Tuesday, July 15, 2014

Announcing Project Zero

Posted by Chris Evans, Researcher Herder

Security is a top priority for Google. We’ve invested a lot in making our products secure, including strong SSL encryption by default for Search, Gmail and Drive, as well as encrypting data moving between our data centers. Beyond securing our own products, interested Googlers also spend some of their time on research that makes the Internet safer, leading to the discovery of bugs like Heartbleed.

The success of that part-time research has led us to create a new, well-staffed team called Project Zero.

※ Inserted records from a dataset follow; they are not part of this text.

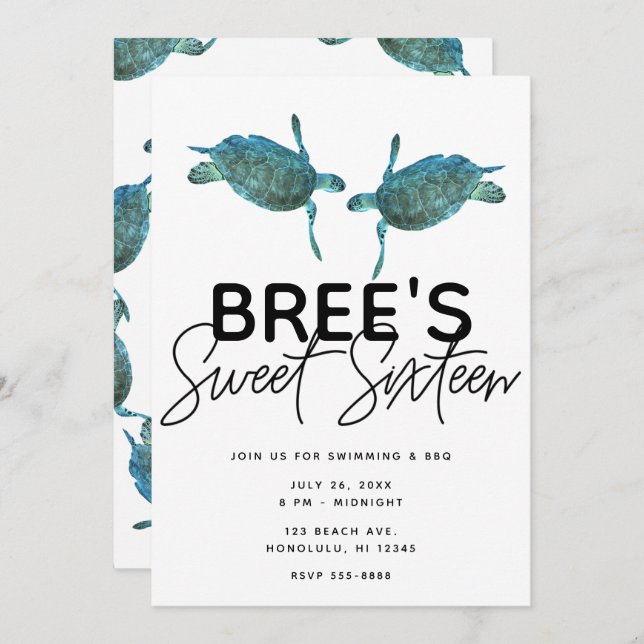 Convite Teal Blue Sea Turtles Ocean Beach Sweet 16 Parte I (Frente/Verso)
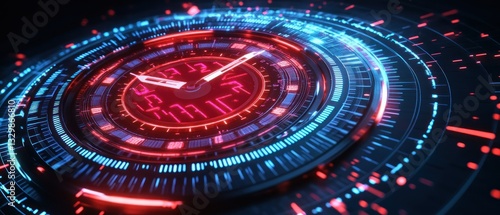 Wallpaper Mural Futuristic Clock: Neon Digital Timepiece Torontodigital.ca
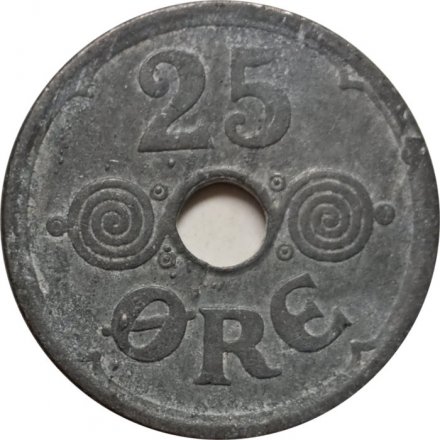 Дания 25 эре 1944 год - Король Кристиан X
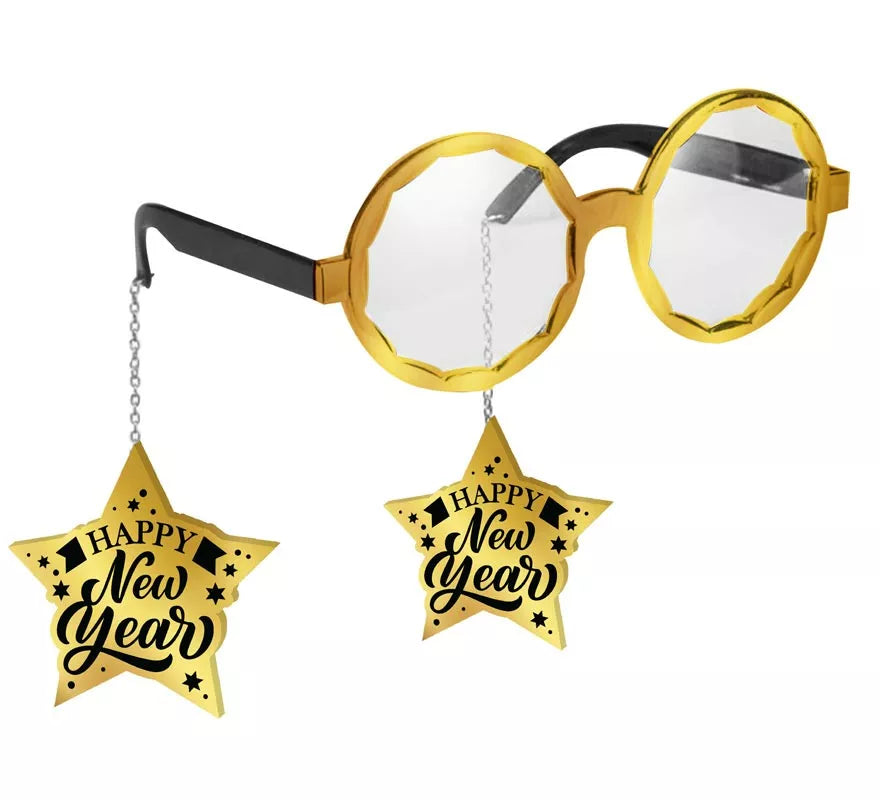 Translation missing: de.Gafas Happy New Year doradas con Estrellas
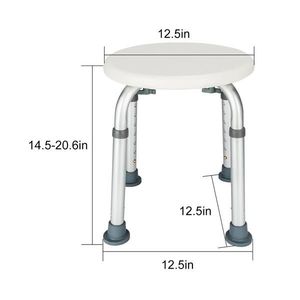 Sedia da Bagno in Lega di Alluminio Regolabile in Altezza, Attrezzatura di Sicurezza per Doccia e Vasca, Colore Bianco - Product Image 4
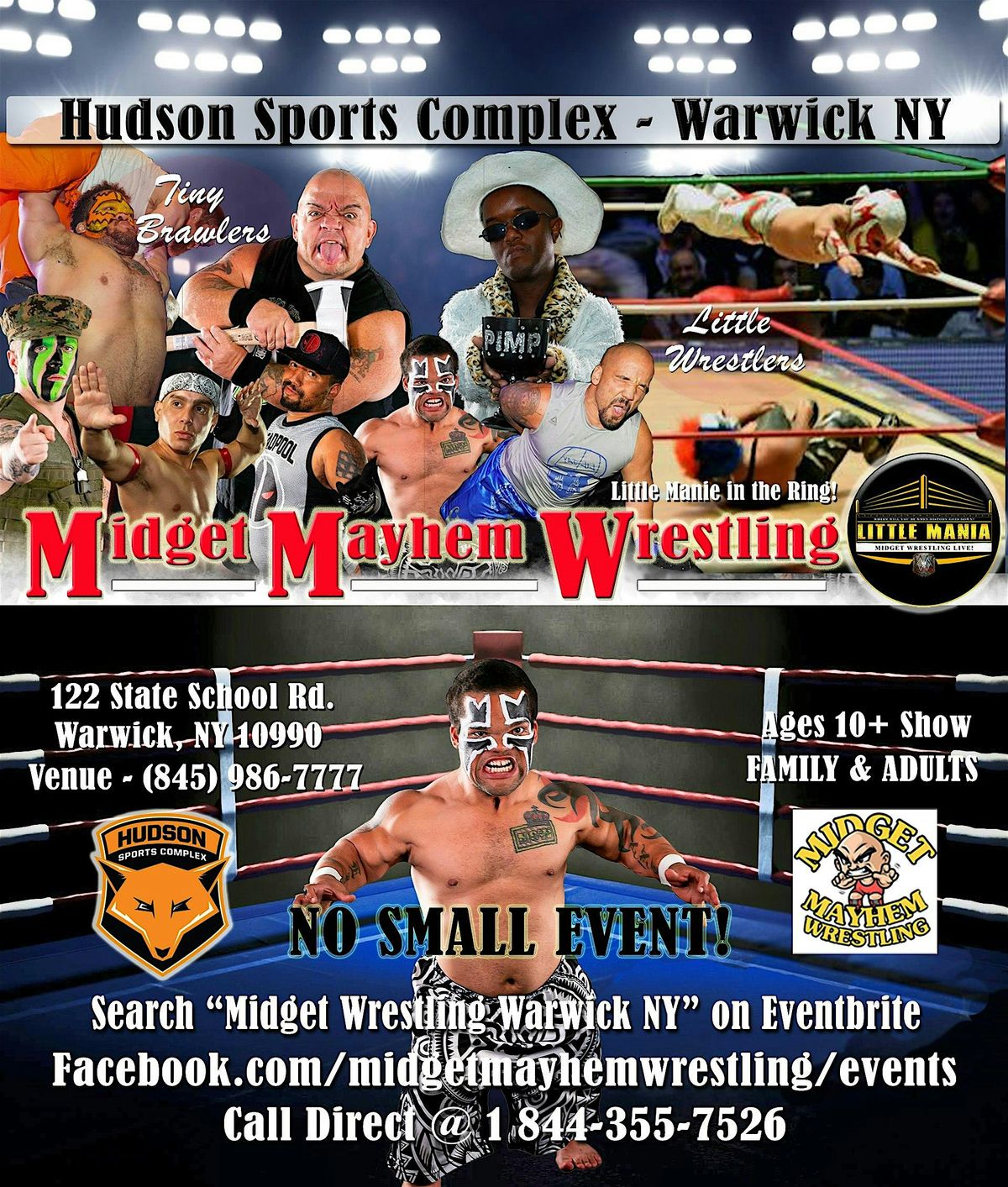 Midget Mayhem Wrestling Rips Through the Ring! Warwick NY (Ages 10+)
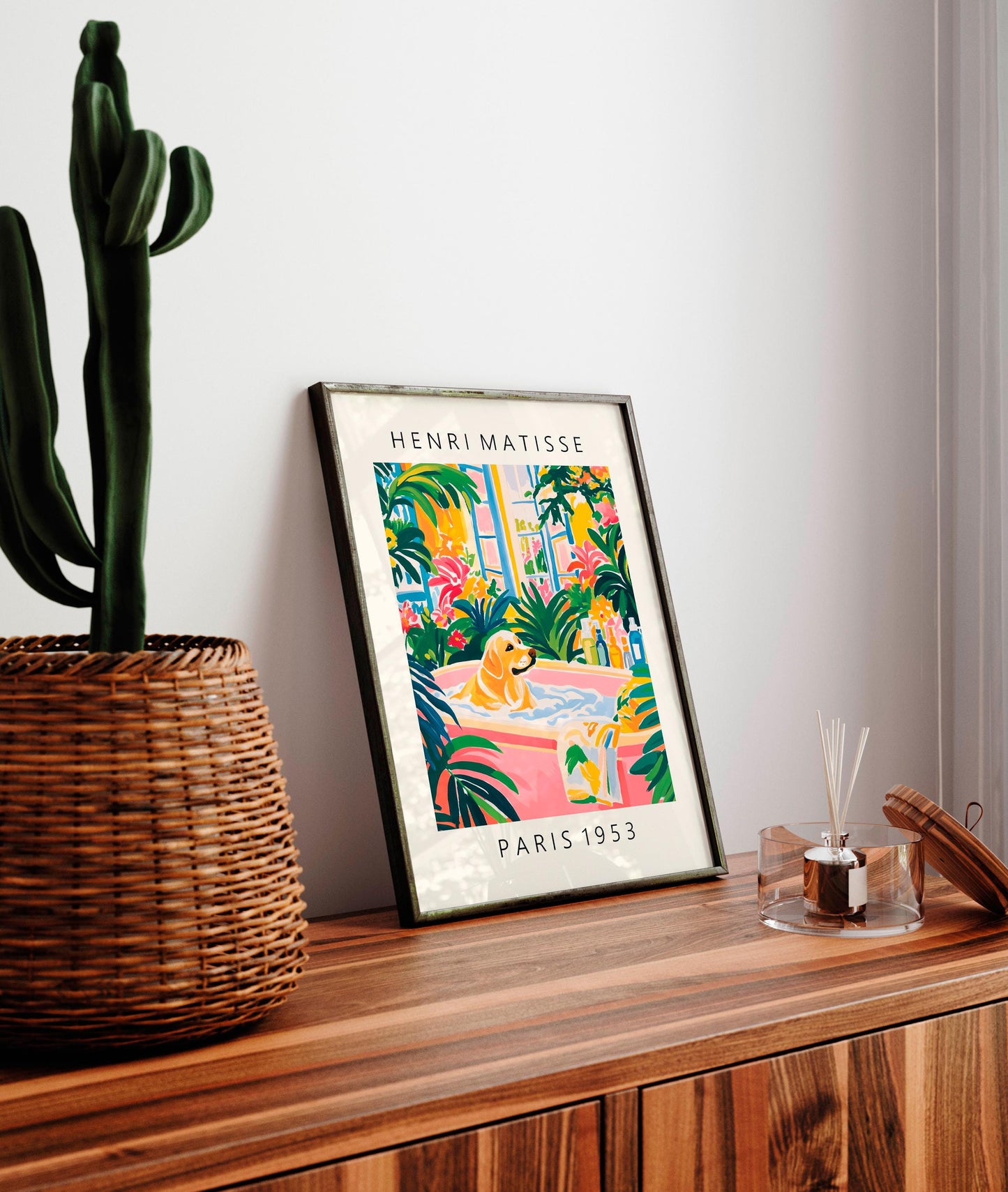 Labrador Bathroom Art Print: Matisse Style Tropical Decor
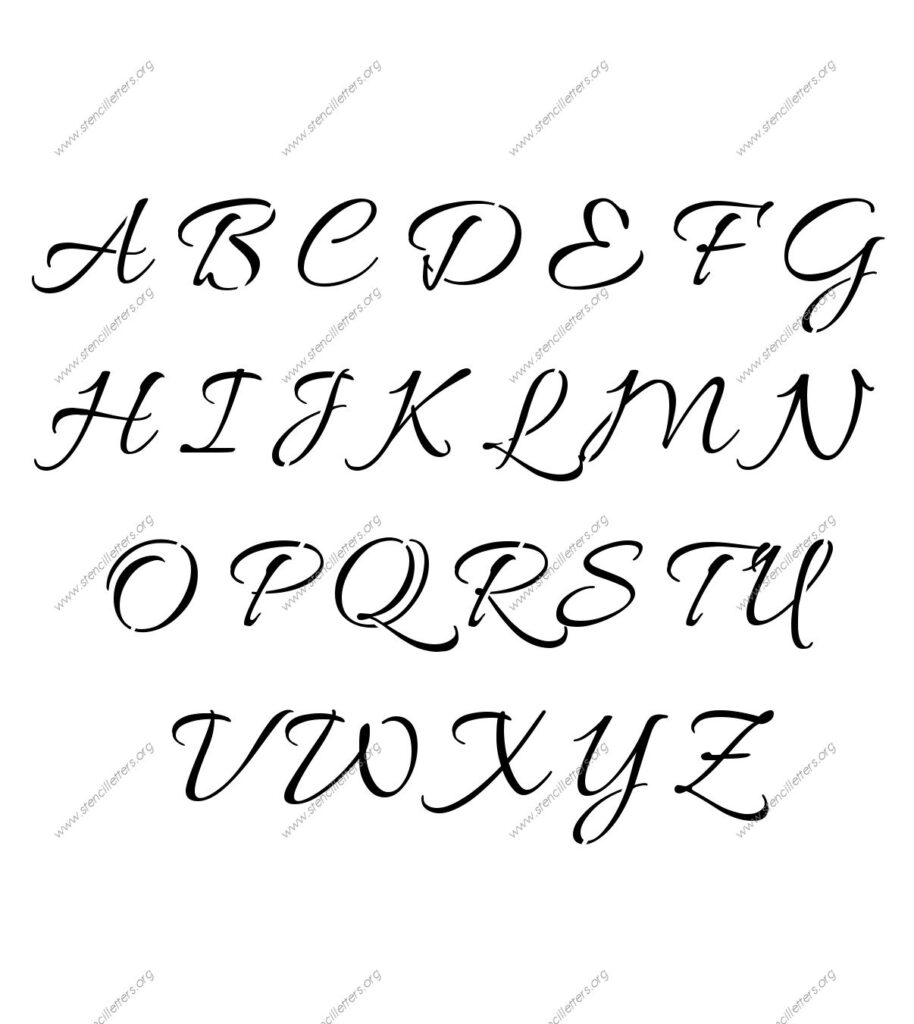 Connected Cursive Uppercase & Lowercase Letter Stencils A Z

You should be able to use the web without fear that a criminal or state-sponsored actor is exploiting software bugs to infect your computer, steal secrets or monitor your communications. Yet in sophisticated attacks, we see the use of “zero-day” vulnerabilities to target, for example, human rights activists or to conduct industrial espionage. This needs to stop. We think more can be done to tackle this problem.

Project Zero is our contribution, to start the ball rolling. Our objective is to significantly reduce the number of people harmed by targeted attacks. We’re hiring the best practically-minded security researchers and contributing 100% of their time toward improving security across the Internet. 

We’re not placing any particular bounds on this project and will work to improve the security of any software depended upon by large numbers of people, paying careful attention to the techniques, targets and motivations of attackers. We’ll use standard approaches such as locating and reporting large numbers of vulnerabilities. In addition, we’ll be conducting new research into mitigations, exploitation, program analysis—and anything else that our researchers decide is a worthwhile investment.

We commit to doing our work transparently. Every bug we discover will be filed in an external database. We will only report bugs to the software’s vendor—and no third parties. Once the bug report becomes public (typically once a patch is available), you’ll be able to monitor vendor time-to-fix performance, see any discussion about exploitability, and view historical exploits and crash traces. We also commit to sending bug reports to vendors in as close to real-time as possible, and to working with them to get fixes to users in a reasonable time.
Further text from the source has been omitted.